Queste risposte come è agevole pensare sono palesemente insufficienti (combattere una crisi del debito con dei prestiti è come provare a spegnere un fuoco versandoci sopra dell’alcool), ed è in questo scenario già problematico che dobbiamo pensare alle conseguenze economiche di quanto disposto dalla Corte Costituzionale tedesca.

Essendo gli eventi relativi a questa sentenza ancora in corso quanto possiamo fare al momento è tracciare degli scenari, che a nostro avviso sono quelli più plausibili nei prossimi mesi:

  1. La Bce accetta quanto disposto e modifica alcune delle sue politiche: in questo scenario potremmo assistere principalmente a due cose, che potrebbero essere una fine prematura del programma Pepp (programma d’emergenza di acquisto di titoli di Stato), che finora ha avuto l’effetto di calmierare (anche se non abbassare) i tassi di interesse sui titoli del debito italiano, e/o un ridimensionamento del Pspp ossia del Quantitative Easing “normale” magari facendo rispettare più rigidamente la regola del capital key nello stesso, regola che impone alla Bce di non detenere un valore di titoli di un dato paese in % maggiore alla partecipazione di quel paese al capitale  della Banca Centrale stessa. L’effetto di entrambe queste manovre sulla sostenibilità degli interessi sui Btp italiani sarebbe disastroso.
  • La Bce respinge quanto disposto dalla Corte allegando delle motivazioni che questa considererà convincenti: in questo caso torneremmo rapidamente allo status quo di prima, con la tensione derivante da questa vicenda che avrà già fatto dei danni al debito italiano tramite qualche centinaia di milioni di euro di maggiori interessi sui nostri titoli di stato.
  • La Bce respinge le disposizioni della Corte e allega motivazioni che però risultano sgradite alla Corte tedesca: in questo scenario potremmo avere una vendita da parte della Bundesbank dei titoli acquisiti tramite il Quantitative Easing, vendita che a sua volta avrebbe un impatto devastante sui titoli italiani (e in questo caso anche degli altri paesi del Sud Europa), accelerando grandemente le dinamiche di crisi del debito già in atto e minando in generale la stabilità complessiva del sistema europeo.

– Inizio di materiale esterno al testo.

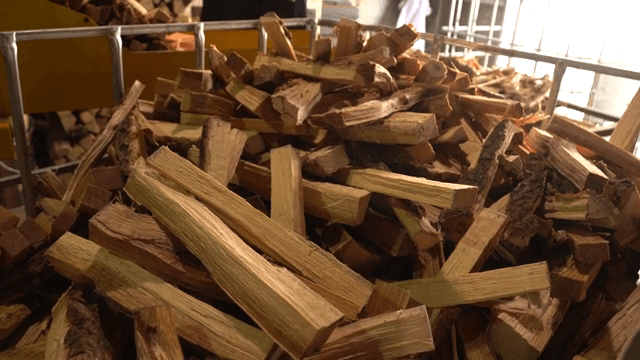 공장에서 쌓인 나무 조각들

A prescindere da cosa accadrà emergono però due elementi cruciali da questa vicenda: il primo è che il nazionalismo dei paesi del Nord Europa di cui questa sentenza è manifestazione è il principale e vero ostacolo all’integrazione europea, e il secondo è che nel momento in cui anche manovre di sostegno indiretto ai debiti sovrani come il Quantitative Easing e simili sono sotto attacco diretto le possibilità in di qualsiasi progetto di monetizzazione o condivisione del debito fra paesi europei sono prossime allo zero, e le possibilità che l’Italia vada a intraprendere lo stesso percorso della Grecia crescono di giorno in giorno. Nel bene o nel male, bisognerà trarre delle conclusioni.

 (Aggiornamento: Venerdì 8 maggio la Corte di Giustizia Europea si è espressa su questa vicenda con il comunicato 58/2020 nel quale sottolinea come le sentenze della stessa siano in base a una giurisprudenza consolidata considerate vincolanti per le singole Corti nazionali, e nel quale si asserisce che “solo la Corte di giustizia è competente a constatare che un’atto di un’istituzione dell’Unione sia contrario al diritto dell’Unione”. In base al contenuto del comunicato ci sentiamo quindi di dire che l’orientamento in sede europea è al momento volto alla confrontazione con le istituzioni tedesche, e dal punto di vista degli scenari sopra elencati a nostro parere questo aumenta le possibilità degli scenari 2) e 3) ).